With Philip’s departure, court life once more relapsed into the dull monotony only to be expected when the sovereign was an unhappy, middle-aged woman of uncertain health. Unlike her father or sister, Mary rarely went on progress. Even when she was not indisposed, she hesitated to travel far from her own palaces, conscious of the fact that a royal visit would lay an unnecessary burden on her subjects at a time of severe hardship.

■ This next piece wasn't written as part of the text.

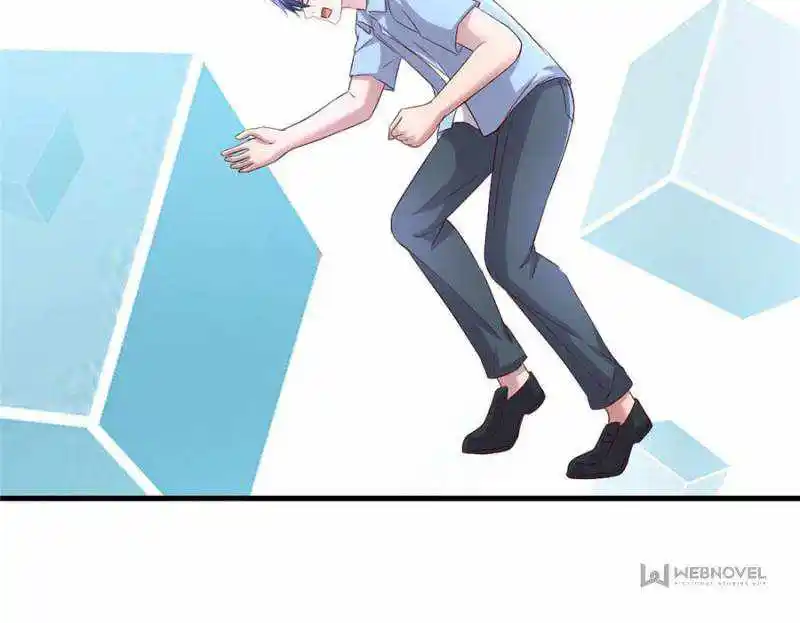 My Sister Is A SuperStar Chapter 201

Yet we catch glimpses of Mary at court conscientiously carrying out her ceremonial duties as queen. She touched for the Evil, rubbing her fingers on the swollen glands of the afflicted, just as her sainted forebear, King Edward the Confessor, had done. On Maundy Thursday she washed the feet of the poor and gave alms and hospitality, in memory of the Last Supper when Christ washed the feet of his disciples and of His commandment to them to love one another. As the choir chanted the Miserere and other psalms, Mary withdrew to change out of the gown she was wearing, one of fine purple cloth lined with marten’s fur and sleeves that swept the ground, returning to give it to the oldest and poorest of the women.

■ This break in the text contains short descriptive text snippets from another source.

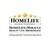 HomeLife/Miracle Realty Ltd., Brokerage logo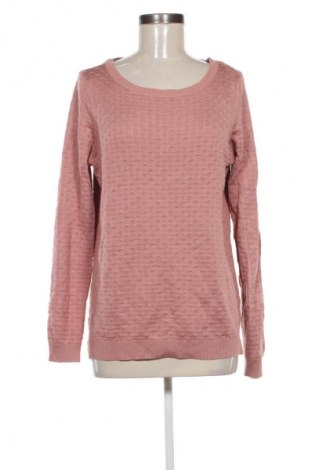 Γυναικείο πουλόβερ VILA, Μέγεθος L, Χρώμα Πολύχρωμο, Τιμή 8,99 €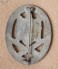 General Assault Badge – Allgemeines Sturmabzeichen image 2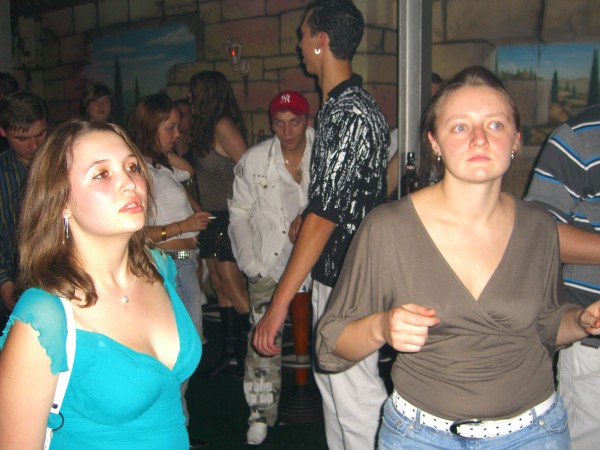 2006 10 14 081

By September 1556 Philip had still not returned to her and Mary was reduced to writing a pleading letter to her father-in-law, who was on the verge of retiring to a monastery in Spain, having ceded the Spanish crown to Philip. England had fallen into a deplorable state, she told him. ‘I am not moved by my personal desire for his presence, although I confess I do unspeakably long to have him here, but by care for this kingdom.’ The country needed a strong hand if it was not to fall into chaos.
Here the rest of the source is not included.